# Find the number of ways of selecting 9 balls from 6 red balls,

Question:

Find the number of ways of selecting 9 balls from 6 red balls, 5 white balls and 5 blue balls if each selection consists of 3 balls of each colour.

Solution:

There are a total of 6 red balls, 5 white balls, and 5 blue balls.

9 balls have to be selected in such a way that each selection consists of 3 balls of each colour.

Here,

3 balls can be selected from 6 red balls in ${ }^{6} \mathrm{C}_{3}$ ways.

3 balls can be selected from 5 white balls in ${ }^{5} \mathrm{C}_{3}$ ways.

3 balls can be selected from 5 blue balls in ${ }^{5} \mathrm{C}_{3}$ ways.

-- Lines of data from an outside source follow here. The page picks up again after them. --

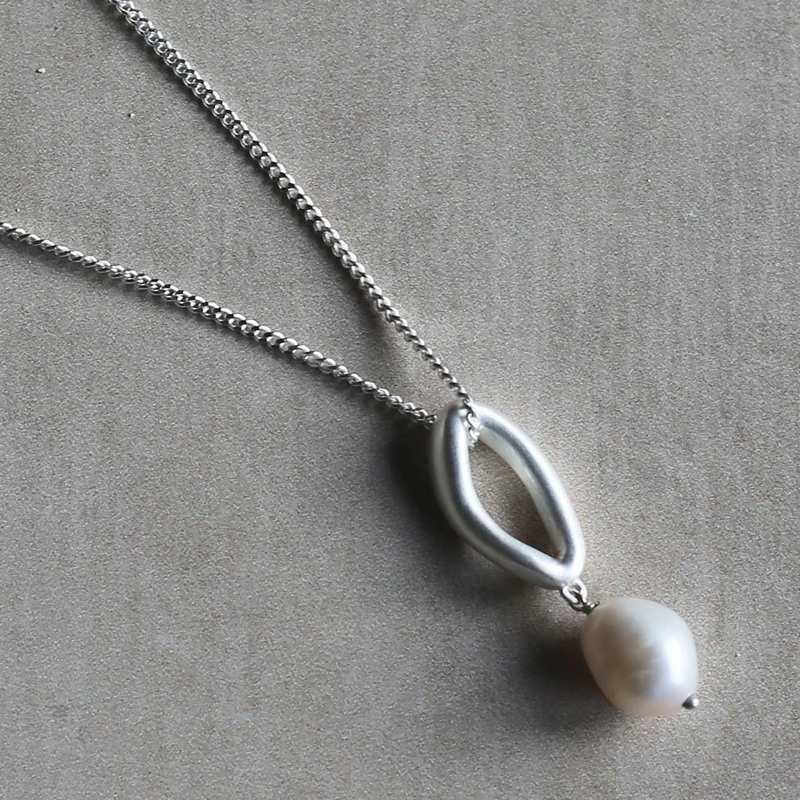 Tutti & Co Tranquil Necklace Silver NE707S on stone close-up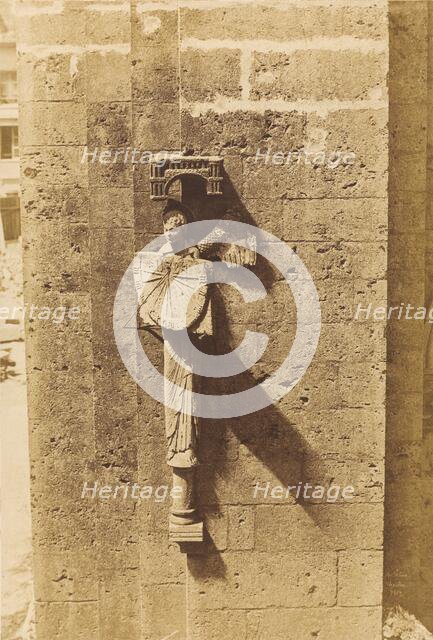 Ange Portant un Cadran Solaire, à l'Eglise de Chartres, 1852. Creator: Henri Le Secq.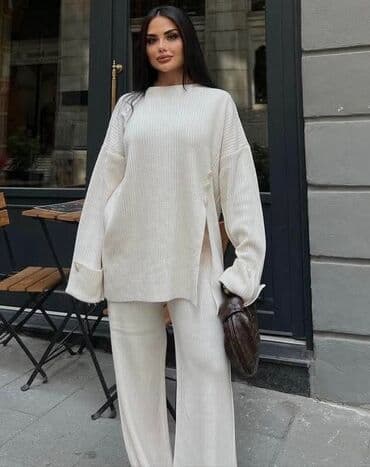 Komplet trikotaža 3.900 dinara na lalafo.rs Komplet trikotaža 3.900 dinara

Thus, by multiplication principle, required number of ways of selecting 9 balls

$={ }^{6} \mathrm{C}_{3} \times{ }^{5} \mathrm{C}_{3} \times{ }^{5} \mathrm{C}_{3}=\frac{6 !}{3 ! 3 !} \times \frac{5 !}{3 ! 2 !} \times \frac{5 !}{3 ! 2 !}$

$=\frac{6 \times 5 \times 4 \times 3 !}{3 ! \times 3 \times 2} \times \frac{5 \times 4 \times 3 !}{3 ! \times 2 \times 1} \times \frac{5 \times 4 \times 3 !}{3 ! \times 2 \times 1}$

$=20 \times 10 \times 10=2000$